Wind projects must still conduct their own environmental analysis, but WAPA's study could provide the agency with a better way to compare environmental impacts against baseline standards such as mitigation strategies, standard construction practices, and best management practices.
These broad environmental studies are known as programmatic environmental impact statements (PEIS). But they do not always guarantee a positive outcome for the affected industries, says Laurie Jodziewicz of the American Wind Energy Association. Even so, a potential result of the process is that wind projects might only have to do simple environmental assessments versus full environmental impact statements. "If that's the case, that's something the wind industry would be very interested in," says Jodziewicz. "But it's a little too early to tell if that's in fact their intention or if that would be the outcome."

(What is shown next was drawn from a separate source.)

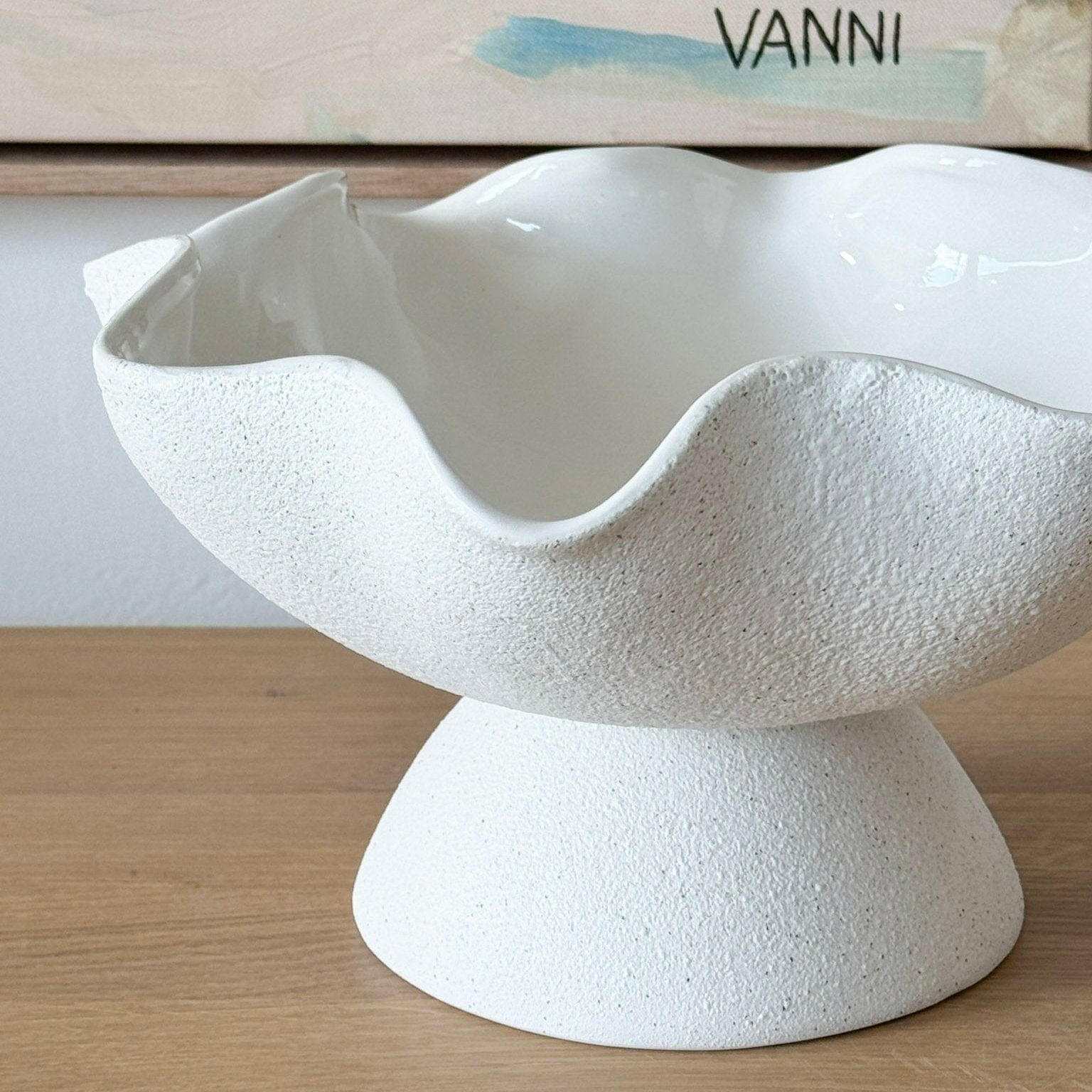 Ripple white ceramic pedestal bowl with glossy interior and textured exterior on wooden surface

Jodziewicz says that Federal Bureau of Land Management (BLM), which overseas the vast tracts of federal land in the US, went through a PEIS process. The wind industry's hope was that wind projects would be able to benefit from that study and be allowed to do "more reasonable" studies that do not take multiple years. "Getting that right and getting the policy right and coordinated on the ground is significant and hasn't necessarily worked as well at BLM as we would have liked," says Jodziewicz.
Wind industry representatives at three initial "scoping" meetings held by WAPA early last month were generally supportive, says Wilkerson, but also worried the study could lead to new and additional regulations that might slow the process down.